A recent Salon article has brought Governor Bush under fire for his claim that two entire divisions of our Army are not ready for duty. As it turns out, these two divisions - the First Infantry and the Tenth Mountain Division - are unready to fight two simultaneous conflicts because they're currently being frittered away as "peacekeeping" forces in Bosnia and Kosovo - exactly what the Governor meant when he said, "We have seen a steady erosion of American power and an unsteady exercise of American influence." But the sad fact is, Governor Bush was dead wrong. None of our military is ready for duty at the levels they were eight years ago, and the fault lies solely with the Clinton-Gore administration.

In March of 1993, the Clinton-Gore administration won massive Defense budget cuts from a Democratic Congress. These cuts were based in part on a flawed readiness analysis by then-SECDEF Les Aspin. As a result of those cuts, Aspin realized that our military was not able to uphold the two-front readiness standard which had been used as a measuring stick for decades, which would allow the United States to engage in a major theater war on one front and still be able to fully address a major theater war on another - this to prevent enemies from taking advantage of our attention being directed elsewhere. This standard, assuming sufficient budgetary resources, makes sense - don't leave the barn open while you chase down the horse thief.

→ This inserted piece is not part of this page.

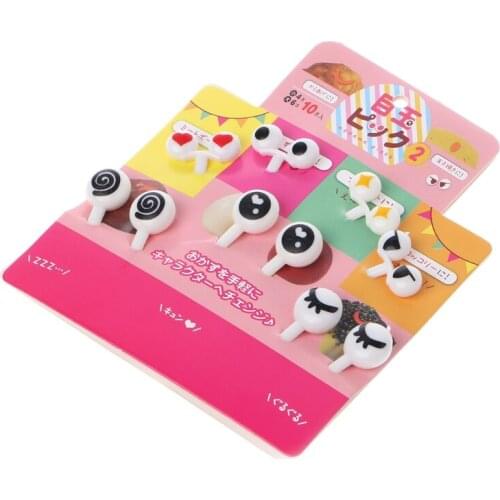 10Pcs Mini Cartoon Ant Eye Fruit Fork Toothpick Tableware Bento Lunch Box Decor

In 1993, since we could no longer meet that level of readiness, Aspin proposed to lower the readiness bar to something he called "Win-Hold-Win," opponents ridiculed as "Win-Hold-Lose" and "Win-Hold-Ooops" due to its lack of strategic soundness. Under Win-Hold-Win, military readiness would essentially be reduced to one and a half major theater war capability, - the second theater, if it cropped up, would be essentially be half-fought until the other was resolved. After only 26 days, Aspin shelved this idea. He then proposed a new force level for two-front readiness, which consisted of exactly the same force level as his rejected Win-Hold Win plan. The key to this slight of hand was to slash force size standards for BOTH fronts - instead of readiness for major theater wars, our military would be ready for two "major regional conflicts," or "MRC's", which fall somewhere in the middle of the possible scale of escalation.

What does this mean for our current state of military readiness? We're still sizing our forces based upon Aspin's two-MRC standard, and even though the administration is now calling it a two "major theater" standard since 1997, force size hasn't changed significantly. It's clear that those two divisions aren't ready to fight two major theater wars - but neither is the rest of the military. Readiness is nowhere near the levels of the last Bush administration. And while the Clinton-Gore administration tries to hide that fact by redefining "theater" and "readiness," the real situation is much worse than even Governor Bush told us.